In order to accomplish that a routing property can be defined on the entry type. When the proxy is asked to write an entry it uses the entry's routing property value hash code to determine the relevant partition for it:
Target partition space ID = getRoutingPropertyValue(entry).hashCode() % (number of partitions)
The routing property can be explicitly set using the [
SpaceRouting] attribute for Object entries or via the
SpaceTypeDescriptorBuilder for document entries. If the routing property is not explicitly set, the space id property is used for routing. If the space ID property is not defined, the first indexed property (alphabetically) is used for routing, otherwise the first property (alphabetically) is used for routing.
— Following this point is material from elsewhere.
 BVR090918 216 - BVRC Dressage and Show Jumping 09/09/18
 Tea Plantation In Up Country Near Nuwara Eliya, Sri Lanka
It is highly recommended to explicitly define a routing property - when both space routing and space ID are not defined, relying on implicit routing property selection can be confusing, being maintained mainly for backwards compatibility.
An auto-generated space ID can be used for routing as well. If the space ID is not defined in a document type, it will be implicitly defined to auto-generate the ID and routing information. (In earlier versions this was not supported, and was ignored in the implicit routing property selection mechanism.)
In some scenarios, the data model does not require sophisticated partitioning, and simple space-id-based partitioning is all that's needed (hence the default). In other scenarios, this is not enough. For example, suppose we have a Customer class with a customerId, and an Order class with an orderId and customerId, and we want all the orders of each customer to be co-located with it in the same partition. In that case, we'd explicitly set the routing property of Order to customerId to ensure they're co-located.
As explained above in Defining a Routing Property, when a proxy is asked to write an entry it extracts the routing property value to determine the relevant partition id and forwards the entry to that partition. If the routing property value is null an exception will be thrown indicating the proxy cannot write the entry because it does not know the target partition.
When an entry is being updated, the proxy uses the routing property to route the update request to the relevant partition.
On a batch write/update via
writeMultiple, the proxy iterates over the batch of entries and divides them into groups according to the routing property, and each group is sent to the relevant partition in parallel.
Starting with 8.0.1, an auto generated id property can be used for routing as well - the proxy detects that routing is auto generated, selects a partition using a round robin mechanism and forwards the entry to that partition. The space embeds the partition id in the auto generated id value, so if the entry is later updated the proxy will extract the partition id from the id value and route the entry to the correct partition. Note that auto generated routing is only valid in conjunction with auto generated id, and cannot be used to route other entries.
When a proxy is asked to execute a query (template, SQL or id) on a partitioned space, it first checks if the query contains a routing value. If it does, the query is executed only on the relevant partition, otherwise it is broadcasted to the entire cluster.
This is relevant to all the
take methods (if exists, by id, async, multiple, etc.), as well as the
clear methods and space notifications.
Blocking operations (
timeout greater than 0) on a partitioned space do not support broadcast - if the routing value is null and exception will be thrown.
FIFO ordering is maintained per partition. If a FIFO query is broadcasted to the entire cluster the results are not guaranteed to be FIFO ordered.
When initializing a partitioned space, it is possible to load only the data you need for a specific partition. For more details, see Persistency.
snapshot operations are not partition-aware, i.e. they are executed on a default partition that the proxy selects implicitly, and not broadcast to the entire cluster.